Lopez Grijalva was reportedly granted TPS by U.S. officials despite the existence of the arrest warrant that was issued against him by Judge Celino Aristides Martinez on June 26, 1996, in connection with the murders of Honduran Adan Aviles and Nicaraguan Amado Espinoza. The victims were arrested on July 12, 1982 by Honduran army soldiers during an anti-leftist campaign that was being waged by the government of the day in Tegucigalpa. Their bodies turned up five days later in a vacant lot in the southern Honduran city of Choluteca.

It remains unclear whether the State Department was aware of the arrest warrant’s existence at the time that Lopez Grijalva was granted TPS. The warrant was later annulled by a Honduran judge for unspecified reasons last November.

Lopez Grijalva would have remained out of the spotlight were it not for the unstinting efforts of retired State Department official Richard Krieger. A longtime Nazi-hunter and former specialist in U.S. refugee policy who left government service in 1993, the 67-year-old Krieger has set up his own non-profit group called International Education Missions to lobby for the deportation of modern-era war criminals, torturers and other human rights abusers who are living on American soil. Working out of the cluttered den of his home in the south Florida suburban community of Boynton Beach, Krieger has assembled a list of about 800 suspected foreign-born persecutors who are now believed to be hiding out in America.

They come from all over the world-including Latin America, Africa and the Caribbean-and among the individuals who recently came to Krieger’s attention was Juan Evangelista Lopez Grijalva. Krieger received a tip about the former army officer’s presence in Miami from Honduran human rights activists earlier this year, and he duly passed on the information to officials assigned to the Florida district office of the U.S. Immigration and Naturalization Service (INS).

Krieger played an instrumental role in the recent decision of the State Department to revoke the diplomatic visa of one of Lopez Grijalva’s old army buddies, a retired Honduran general named Luis Alonso Discua. Discua commanded and helped organize a CIA-trained death squad called Battalion 316 that has been blamed for the disappearance of at least 184 suspected leftists in the early 1980s. Lopez Grijalva was an active member of Battalion 316.
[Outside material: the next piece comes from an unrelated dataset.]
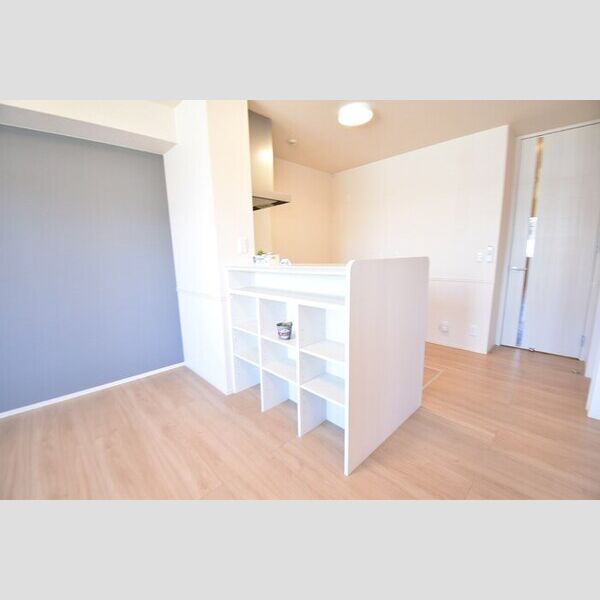 収納 (カウンター下収納)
Discua-who has never been charged with a crime-lost his visa after Krieger provided U.S. officials with evidence that he was no longer serving any diplomatic function for the Honduran government and was therefore violating the terms of his residence status. In Lopez Grijalva’s case, however, Krieger says that INS officials have concluded they “cannot touch” the onetime fugitive from Honduran justice for now because he is a legal resident of the United States under the TPS provision. “Lopez Grijalva is among the leading violators of human rights in Honduras,” says Berta Oliva de Nativi, the president of the Honduran Committee of Relatives of the Detained and Disappeared and a widow of one of the first victims of Battalion 316’s anti-leftist operations. “And to this day, none of those violators has ever been brought to justice.”

INS spokeswoman Patricia Mancha said earlier this week that Lopez Grijalva is “legally” residing in the United States. But she declined to confirm or deny reports that Lopez Grijalva had applied for and been granted TPS, citing privacy concerns. Mancha also declined to state whether Lopez Grijalva had entered the U.S. legally or illegally. Looking for Bad Guys: Richard Krieger hunts foreign thugs hiding in this country. And he’s on a winning streak

NEWSWEEK attempted to contact Lopez Grijalva at his west Miami condominium earlier this week but was told by a young Honduran man living at the address that the occupant of that dwelling was an elderly Honduran man who goes by a different-but similar-surname.